● Task to complete: Filter the entries for the word "Tactical". Copy each line that has it.

== Records supplied ==

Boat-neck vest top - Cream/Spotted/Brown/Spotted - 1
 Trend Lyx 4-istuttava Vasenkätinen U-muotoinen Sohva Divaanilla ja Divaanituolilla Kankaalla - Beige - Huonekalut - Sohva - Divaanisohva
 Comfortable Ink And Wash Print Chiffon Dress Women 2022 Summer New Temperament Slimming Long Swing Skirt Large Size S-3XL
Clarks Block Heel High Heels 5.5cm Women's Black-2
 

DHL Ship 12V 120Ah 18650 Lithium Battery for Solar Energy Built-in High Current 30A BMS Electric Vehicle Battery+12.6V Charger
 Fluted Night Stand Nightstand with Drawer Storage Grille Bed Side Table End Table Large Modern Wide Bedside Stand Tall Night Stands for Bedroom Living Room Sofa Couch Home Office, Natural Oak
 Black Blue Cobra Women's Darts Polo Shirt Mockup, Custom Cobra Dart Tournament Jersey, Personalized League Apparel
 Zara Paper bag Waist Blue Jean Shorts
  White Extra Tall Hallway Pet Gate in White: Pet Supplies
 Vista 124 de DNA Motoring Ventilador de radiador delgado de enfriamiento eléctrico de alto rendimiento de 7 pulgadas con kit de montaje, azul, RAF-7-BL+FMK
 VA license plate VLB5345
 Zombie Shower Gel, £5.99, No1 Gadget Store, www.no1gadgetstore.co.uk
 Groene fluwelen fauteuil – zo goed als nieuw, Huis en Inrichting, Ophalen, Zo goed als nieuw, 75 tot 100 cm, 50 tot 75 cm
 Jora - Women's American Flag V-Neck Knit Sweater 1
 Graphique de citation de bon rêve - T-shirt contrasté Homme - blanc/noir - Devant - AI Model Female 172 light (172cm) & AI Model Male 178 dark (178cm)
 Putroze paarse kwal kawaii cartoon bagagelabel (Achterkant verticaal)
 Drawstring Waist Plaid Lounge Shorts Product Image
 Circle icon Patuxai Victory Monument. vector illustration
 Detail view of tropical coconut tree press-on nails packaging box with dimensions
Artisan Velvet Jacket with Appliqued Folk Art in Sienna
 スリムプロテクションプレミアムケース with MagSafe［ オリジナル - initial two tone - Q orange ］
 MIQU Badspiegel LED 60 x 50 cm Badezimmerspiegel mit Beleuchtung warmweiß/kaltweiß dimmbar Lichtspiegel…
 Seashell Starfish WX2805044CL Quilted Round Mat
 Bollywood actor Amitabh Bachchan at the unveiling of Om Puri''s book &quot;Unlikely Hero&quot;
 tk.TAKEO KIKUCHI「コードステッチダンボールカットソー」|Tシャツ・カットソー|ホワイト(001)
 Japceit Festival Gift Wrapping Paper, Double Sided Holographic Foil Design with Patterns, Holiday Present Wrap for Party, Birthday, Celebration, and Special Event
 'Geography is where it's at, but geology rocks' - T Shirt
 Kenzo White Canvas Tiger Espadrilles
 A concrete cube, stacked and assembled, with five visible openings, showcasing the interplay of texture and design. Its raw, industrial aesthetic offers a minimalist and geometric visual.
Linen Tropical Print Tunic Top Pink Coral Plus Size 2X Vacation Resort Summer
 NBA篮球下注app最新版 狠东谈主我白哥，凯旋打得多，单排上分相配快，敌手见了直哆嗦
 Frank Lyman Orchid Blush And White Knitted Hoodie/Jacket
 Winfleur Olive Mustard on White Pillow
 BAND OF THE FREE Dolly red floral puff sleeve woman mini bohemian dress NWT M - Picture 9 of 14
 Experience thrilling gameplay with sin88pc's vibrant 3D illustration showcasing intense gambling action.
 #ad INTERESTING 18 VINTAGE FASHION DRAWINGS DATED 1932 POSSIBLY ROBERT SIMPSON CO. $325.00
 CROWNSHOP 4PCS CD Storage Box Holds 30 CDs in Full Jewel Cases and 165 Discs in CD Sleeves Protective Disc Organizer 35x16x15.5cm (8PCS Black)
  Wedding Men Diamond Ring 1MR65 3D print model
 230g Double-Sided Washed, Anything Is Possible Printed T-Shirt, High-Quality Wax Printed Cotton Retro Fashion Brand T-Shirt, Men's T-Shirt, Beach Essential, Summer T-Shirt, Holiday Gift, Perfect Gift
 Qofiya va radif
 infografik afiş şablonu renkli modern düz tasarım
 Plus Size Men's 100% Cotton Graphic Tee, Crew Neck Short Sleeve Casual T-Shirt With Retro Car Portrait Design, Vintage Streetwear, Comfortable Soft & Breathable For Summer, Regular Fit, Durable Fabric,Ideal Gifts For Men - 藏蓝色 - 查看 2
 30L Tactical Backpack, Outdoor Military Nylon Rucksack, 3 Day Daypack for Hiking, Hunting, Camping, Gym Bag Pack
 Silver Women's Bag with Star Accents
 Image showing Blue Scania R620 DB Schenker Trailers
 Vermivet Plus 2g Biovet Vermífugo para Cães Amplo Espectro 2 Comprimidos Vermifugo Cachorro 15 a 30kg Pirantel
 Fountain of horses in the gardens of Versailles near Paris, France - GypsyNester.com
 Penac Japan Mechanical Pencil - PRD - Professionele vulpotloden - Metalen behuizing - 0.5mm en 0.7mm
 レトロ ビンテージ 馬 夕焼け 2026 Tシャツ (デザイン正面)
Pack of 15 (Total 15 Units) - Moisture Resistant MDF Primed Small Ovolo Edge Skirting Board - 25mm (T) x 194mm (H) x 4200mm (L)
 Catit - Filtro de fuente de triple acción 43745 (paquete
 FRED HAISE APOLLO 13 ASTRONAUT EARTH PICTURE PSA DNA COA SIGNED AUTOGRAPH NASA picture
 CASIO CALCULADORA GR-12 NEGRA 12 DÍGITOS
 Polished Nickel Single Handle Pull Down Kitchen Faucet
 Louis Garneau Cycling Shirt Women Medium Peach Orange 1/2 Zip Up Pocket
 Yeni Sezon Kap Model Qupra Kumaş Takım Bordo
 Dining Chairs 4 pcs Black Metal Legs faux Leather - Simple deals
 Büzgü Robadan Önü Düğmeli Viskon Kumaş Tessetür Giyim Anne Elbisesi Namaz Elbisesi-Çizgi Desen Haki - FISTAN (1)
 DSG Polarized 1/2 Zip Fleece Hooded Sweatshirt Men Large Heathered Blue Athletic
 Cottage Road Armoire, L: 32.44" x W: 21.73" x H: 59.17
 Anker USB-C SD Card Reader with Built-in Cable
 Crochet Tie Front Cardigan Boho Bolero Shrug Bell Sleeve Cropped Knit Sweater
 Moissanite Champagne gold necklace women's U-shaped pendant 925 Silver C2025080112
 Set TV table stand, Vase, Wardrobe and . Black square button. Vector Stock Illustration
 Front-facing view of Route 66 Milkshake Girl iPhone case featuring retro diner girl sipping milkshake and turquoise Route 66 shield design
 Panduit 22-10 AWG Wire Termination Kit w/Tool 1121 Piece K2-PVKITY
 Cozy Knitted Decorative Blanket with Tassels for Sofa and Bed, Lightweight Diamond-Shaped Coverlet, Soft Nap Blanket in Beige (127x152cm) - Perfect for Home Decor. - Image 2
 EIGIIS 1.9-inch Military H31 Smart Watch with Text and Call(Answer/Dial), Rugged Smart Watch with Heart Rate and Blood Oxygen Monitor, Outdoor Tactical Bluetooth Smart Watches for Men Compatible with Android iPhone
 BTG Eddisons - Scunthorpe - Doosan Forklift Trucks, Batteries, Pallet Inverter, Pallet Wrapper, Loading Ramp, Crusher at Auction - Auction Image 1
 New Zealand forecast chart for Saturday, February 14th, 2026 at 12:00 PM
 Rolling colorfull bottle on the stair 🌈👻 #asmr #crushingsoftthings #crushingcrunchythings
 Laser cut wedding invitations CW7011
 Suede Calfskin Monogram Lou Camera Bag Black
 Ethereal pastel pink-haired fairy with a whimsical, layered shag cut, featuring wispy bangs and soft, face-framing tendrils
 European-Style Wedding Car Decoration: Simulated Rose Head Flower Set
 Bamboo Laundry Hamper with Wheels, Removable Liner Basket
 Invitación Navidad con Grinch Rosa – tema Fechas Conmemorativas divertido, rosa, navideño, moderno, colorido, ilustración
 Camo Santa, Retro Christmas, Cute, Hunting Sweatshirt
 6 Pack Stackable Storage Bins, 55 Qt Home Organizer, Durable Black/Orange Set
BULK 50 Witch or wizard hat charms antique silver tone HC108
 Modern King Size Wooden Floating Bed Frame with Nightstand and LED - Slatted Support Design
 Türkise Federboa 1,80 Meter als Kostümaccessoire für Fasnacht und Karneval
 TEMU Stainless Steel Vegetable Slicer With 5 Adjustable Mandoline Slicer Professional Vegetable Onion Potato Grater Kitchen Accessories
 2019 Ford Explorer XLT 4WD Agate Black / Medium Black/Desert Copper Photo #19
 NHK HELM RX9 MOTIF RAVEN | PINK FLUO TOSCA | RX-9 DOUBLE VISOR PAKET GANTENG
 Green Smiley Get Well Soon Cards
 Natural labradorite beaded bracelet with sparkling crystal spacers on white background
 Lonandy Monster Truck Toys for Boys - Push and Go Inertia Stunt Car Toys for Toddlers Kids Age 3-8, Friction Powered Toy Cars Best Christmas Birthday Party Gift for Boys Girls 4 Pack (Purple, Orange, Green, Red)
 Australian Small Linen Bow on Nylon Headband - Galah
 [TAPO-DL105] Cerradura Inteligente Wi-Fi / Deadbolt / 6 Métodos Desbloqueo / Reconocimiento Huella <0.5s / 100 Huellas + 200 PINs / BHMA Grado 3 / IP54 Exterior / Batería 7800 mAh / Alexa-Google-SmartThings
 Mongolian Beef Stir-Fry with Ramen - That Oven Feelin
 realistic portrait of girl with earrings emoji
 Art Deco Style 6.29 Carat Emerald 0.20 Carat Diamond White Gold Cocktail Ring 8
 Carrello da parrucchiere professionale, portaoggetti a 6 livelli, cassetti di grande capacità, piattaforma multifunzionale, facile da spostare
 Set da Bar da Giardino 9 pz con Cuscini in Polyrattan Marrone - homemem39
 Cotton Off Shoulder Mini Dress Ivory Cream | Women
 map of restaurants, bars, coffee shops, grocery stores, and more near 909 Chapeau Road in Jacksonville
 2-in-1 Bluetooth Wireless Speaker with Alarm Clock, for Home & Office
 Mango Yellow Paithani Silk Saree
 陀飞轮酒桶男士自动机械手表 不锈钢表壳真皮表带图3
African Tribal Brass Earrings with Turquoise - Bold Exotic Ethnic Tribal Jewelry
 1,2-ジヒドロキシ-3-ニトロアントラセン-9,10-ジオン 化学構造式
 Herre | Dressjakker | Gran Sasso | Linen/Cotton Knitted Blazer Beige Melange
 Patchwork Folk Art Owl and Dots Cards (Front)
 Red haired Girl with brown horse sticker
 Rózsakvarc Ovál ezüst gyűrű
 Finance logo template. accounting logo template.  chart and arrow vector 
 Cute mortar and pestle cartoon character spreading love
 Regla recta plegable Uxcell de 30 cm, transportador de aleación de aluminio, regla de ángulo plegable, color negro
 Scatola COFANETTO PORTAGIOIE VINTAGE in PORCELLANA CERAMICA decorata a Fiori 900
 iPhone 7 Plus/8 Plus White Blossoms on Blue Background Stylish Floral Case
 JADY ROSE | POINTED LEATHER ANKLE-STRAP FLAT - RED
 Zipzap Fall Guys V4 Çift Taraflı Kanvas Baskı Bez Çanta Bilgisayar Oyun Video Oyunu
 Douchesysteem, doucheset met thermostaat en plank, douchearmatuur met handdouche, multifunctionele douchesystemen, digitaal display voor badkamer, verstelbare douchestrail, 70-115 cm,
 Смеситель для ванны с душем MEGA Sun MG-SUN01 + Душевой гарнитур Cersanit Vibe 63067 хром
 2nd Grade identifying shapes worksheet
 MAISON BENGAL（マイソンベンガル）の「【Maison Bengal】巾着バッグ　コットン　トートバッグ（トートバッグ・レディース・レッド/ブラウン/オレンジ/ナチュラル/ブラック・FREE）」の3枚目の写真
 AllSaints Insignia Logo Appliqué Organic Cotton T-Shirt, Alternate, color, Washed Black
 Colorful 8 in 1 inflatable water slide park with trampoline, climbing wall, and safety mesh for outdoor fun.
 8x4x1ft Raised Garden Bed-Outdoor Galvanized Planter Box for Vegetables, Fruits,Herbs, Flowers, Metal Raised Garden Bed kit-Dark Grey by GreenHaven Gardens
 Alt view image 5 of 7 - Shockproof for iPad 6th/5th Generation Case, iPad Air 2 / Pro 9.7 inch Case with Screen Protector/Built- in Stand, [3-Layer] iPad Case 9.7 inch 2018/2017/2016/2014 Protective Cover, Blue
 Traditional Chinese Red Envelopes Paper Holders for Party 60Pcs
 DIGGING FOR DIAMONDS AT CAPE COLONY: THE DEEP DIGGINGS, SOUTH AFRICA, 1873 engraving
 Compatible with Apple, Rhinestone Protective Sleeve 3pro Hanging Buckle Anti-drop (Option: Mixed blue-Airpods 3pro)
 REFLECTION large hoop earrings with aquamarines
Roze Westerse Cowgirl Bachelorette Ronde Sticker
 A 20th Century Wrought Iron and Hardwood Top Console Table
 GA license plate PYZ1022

===

● Result for this task:
 30L Tactical Backpack, Outdoor Military Nylon Rucksack, 3 Day Daypack for Hiking, Hunting, Camping, Gym Bag Pack
 EIGIIS 1.9-inch Military H31 Smart Watch with Text and Call(Answer/Dial), Rugged Smart Watch with Heart Rate and Blood Oxygen Monitor, Outdoor Tactical Bluetooth Smart Watches for Men Compatible with Android iPhone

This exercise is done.